CRISPR/Cas9 as tool for functional study of genes involved in preimplantation embryo development

• Published in: PloS one Vol. 10; no. 3; p. e0120501
• Main Authors: Kwon, Jeongwoo, Namgoong, Suk, Kim, Nam-Hyung
• Format: Journal Article
• Language: English
• Published: United States Public Library of Science 16.03.2015; Public Library of Science (PLoS)
• Subjects: Animal sciences; Animals; Blastocyst - metabolism; Blastocysts; CDX2 protein; CDX2 Transcription Factor; Cells, Cultured; Chromosome deletion; Clonal deletion; Cloning; CRISPR; CRISPR-Cas Systems; Deoxyribonucleic acid; DNA; DNA sequencing; Efficiency; Embryonic development; Embryos; Female; Fluorescence; Gene Expression Regulation, Developmental; Gene sequencing; Gene Targeting - methods; Genes; Genetic modification; Genetic research; Genome editing; Genomes; Genomics; Green fluorescent protein; Hogs; Homeodomain Proteins - genetics; Homeodomain Proteins - metabolism; mRNA; Mutation; Nucleotide sequence; Oct-4 protein; Octamer Transcription Factor-3 - genetics; Octamer Transcription Factor-3 - metabolism; Phenols; Polymerase chain reaction; Ribonucleic acid; RNA; RNA, Messenger - genetics; RNA, Messenger - metabolism; Rodents; Stem cells; Suidae; Swine; Trans-Activators - genetics; Trans-Activators - metabolism; Transcription factors; United States > US
• ISSN: 1932-6203; 1932-6203
• DOI: 10.1371/journal.pone.0120501

The CRISPR/Cas9 system has proven to be an efficient gene-editing tool for genome modification of cells and organisms.
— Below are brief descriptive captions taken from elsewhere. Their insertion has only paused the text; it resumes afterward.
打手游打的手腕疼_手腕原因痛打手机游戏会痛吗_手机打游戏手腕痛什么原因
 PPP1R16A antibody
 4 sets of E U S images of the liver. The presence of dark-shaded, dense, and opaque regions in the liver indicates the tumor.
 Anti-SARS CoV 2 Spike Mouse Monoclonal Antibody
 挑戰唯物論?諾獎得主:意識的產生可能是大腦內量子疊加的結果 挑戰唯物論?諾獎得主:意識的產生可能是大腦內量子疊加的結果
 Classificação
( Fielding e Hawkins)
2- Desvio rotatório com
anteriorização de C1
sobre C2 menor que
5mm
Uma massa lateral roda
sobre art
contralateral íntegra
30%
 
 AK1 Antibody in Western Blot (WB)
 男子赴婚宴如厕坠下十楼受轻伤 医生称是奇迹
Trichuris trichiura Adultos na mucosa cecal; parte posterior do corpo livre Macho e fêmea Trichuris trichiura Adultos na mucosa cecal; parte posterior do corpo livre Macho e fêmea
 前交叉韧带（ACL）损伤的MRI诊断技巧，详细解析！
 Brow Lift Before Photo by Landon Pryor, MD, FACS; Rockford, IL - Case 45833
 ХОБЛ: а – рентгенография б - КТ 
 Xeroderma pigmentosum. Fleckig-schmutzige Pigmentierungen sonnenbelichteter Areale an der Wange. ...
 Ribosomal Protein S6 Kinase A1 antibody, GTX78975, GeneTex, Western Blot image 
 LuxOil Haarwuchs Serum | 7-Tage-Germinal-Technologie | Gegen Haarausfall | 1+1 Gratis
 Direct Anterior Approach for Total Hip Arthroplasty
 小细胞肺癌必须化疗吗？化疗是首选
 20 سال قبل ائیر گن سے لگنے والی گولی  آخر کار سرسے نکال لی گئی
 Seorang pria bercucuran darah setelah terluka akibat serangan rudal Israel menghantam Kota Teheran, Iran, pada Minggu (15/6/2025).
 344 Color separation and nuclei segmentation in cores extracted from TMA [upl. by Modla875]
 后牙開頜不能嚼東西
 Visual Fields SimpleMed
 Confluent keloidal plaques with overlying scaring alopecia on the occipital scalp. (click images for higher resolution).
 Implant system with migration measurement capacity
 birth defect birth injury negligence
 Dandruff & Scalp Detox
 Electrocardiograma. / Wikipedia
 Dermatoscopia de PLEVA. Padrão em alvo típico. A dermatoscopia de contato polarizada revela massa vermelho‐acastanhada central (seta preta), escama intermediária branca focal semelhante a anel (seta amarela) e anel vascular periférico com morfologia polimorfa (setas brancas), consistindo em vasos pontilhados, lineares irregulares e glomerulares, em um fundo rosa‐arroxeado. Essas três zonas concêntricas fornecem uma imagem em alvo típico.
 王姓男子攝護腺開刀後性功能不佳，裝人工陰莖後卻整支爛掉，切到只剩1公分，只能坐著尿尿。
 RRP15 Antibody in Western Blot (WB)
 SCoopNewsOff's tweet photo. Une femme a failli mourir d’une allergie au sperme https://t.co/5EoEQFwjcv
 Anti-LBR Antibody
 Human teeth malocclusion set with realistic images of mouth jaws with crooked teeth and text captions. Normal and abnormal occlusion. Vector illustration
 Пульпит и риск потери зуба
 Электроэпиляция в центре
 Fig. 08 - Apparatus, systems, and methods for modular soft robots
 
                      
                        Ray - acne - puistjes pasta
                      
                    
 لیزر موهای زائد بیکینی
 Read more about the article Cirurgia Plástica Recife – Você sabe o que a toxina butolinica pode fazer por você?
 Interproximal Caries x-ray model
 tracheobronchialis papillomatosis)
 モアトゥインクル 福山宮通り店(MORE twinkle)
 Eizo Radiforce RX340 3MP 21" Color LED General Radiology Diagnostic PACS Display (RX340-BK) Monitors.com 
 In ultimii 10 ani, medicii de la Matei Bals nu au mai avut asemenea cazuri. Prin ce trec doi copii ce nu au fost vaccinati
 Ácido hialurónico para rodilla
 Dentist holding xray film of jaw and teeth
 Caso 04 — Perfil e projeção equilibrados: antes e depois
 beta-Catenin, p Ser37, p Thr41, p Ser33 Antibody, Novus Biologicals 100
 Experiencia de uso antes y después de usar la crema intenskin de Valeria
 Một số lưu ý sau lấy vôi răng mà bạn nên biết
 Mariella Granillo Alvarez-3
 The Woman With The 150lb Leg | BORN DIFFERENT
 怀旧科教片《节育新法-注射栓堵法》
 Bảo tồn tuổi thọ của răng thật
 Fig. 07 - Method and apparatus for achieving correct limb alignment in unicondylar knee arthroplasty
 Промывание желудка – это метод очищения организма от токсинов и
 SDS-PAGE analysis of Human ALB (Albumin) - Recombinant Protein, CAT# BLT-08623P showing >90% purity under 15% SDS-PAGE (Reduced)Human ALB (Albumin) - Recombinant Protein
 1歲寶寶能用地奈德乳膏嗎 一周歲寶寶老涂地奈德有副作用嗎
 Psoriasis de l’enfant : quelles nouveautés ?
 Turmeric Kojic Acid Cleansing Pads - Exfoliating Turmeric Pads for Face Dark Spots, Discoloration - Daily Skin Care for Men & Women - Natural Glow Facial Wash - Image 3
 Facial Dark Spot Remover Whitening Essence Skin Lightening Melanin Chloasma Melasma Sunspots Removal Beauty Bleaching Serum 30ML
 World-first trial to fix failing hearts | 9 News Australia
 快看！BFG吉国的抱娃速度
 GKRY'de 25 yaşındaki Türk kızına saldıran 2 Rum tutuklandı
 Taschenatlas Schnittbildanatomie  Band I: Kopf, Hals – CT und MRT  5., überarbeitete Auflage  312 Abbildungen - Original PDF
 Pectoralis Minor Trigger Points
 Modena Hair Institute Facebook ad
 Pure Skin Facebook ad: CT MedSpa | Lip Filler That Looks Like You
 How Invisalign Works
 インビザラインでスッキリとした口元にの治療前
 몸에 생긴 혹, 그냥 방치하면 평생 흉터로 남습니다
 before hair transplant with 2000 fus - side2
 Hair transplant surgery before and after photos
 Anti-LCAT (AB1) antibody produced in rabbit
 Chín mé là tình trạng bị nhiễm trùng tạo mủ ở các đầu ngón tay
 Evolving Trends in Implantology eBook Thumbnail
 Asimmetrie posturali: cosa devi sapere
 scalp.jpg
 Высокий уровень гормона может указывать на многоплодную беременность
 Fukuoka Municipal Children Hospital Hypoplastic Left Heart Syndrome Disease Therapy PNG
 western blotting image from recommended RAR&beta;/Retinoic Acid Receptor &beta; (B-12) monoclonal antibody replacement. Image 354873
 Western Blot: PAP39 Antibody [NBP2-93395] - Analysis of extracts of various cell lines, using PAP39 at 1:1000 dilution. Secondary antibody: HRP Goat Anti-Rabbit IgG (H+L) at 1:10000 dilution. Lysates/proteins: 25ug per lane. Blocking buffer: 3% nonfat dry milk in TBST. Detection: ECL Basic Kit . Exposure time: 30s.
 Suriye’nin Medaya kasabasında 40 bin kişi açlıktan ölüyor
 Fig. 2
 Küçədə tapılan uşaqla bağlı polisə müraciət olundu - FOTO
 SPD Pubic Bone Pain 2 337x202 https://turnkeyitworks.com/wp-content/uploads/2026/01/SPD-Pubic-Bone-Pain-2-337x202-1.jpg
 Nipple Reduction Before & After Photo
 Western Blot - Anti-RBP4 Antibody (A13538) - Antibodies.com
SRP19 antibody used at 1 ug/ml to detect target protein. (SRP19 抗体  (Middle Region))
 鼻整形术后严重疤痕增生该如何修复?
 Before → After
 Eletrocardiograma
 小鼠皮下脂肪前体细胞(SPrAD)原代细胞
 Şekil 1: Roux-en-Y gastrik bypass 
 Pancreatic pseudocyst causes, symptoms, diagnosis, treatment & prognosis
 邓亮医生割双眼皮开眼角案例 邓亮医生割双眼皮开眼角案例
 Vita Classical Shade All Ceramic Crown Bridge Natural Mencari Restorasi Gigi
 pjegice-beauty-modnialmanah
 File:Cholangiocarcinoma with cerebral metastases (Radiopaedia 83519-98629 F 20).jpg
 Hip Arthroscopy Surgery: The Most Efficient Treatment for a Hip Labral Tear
However, the applicability and efficiency of this system in pig embryos have not been studied in depth. Here, we aimed to remove porcine OCT4 function as a model case using the CRISPR/Cas9 system. Injection of Cas9 and single-guide RNA (sgRNA) against OCT4 decreased the percentages of OCT4-positive embryos to 37-50% of total embryos, while ~100% of control embryos exhibited clear OCT4 immunostaining. We assessed the mutation status near the guide sequence using polymerase chain reaction (PCR) and DNA sequencing, and a portion of blastocysts (20% in exon 2 and 50% in exon 5) had insertions/deletions near protospacer-adjacent motifs (PAMs). Different target sites had frequent deletions, but different concentrations of sgRNA made no impact. OCT4 mRNA levels dramatically decreased at the 8-cell stage, and they were barely detectable in blastocysts, while mRNA levels of other genes, including NANOG, and CDX2 were not affected. In addition, the combination of two sgRNAs led to large-scale deletion (about 1.8 kb) in the same chromosome. Next, we injected an enhanced green fluorescent protein (eGFP) vector targeting the OCT4 exon with Cas9 and sgRNA to create a knockin. We confirmed eGFP fluorescence in blastocysts in the inner cell mass, and also checked the mutation status using PCR and DNA sequencing. A significant portion of blastocysts had eGFP sequence insertions near PAM sites. The CRISPR/CAS9 system provides a good tool for gene functional studies by deleting target genes in the pig.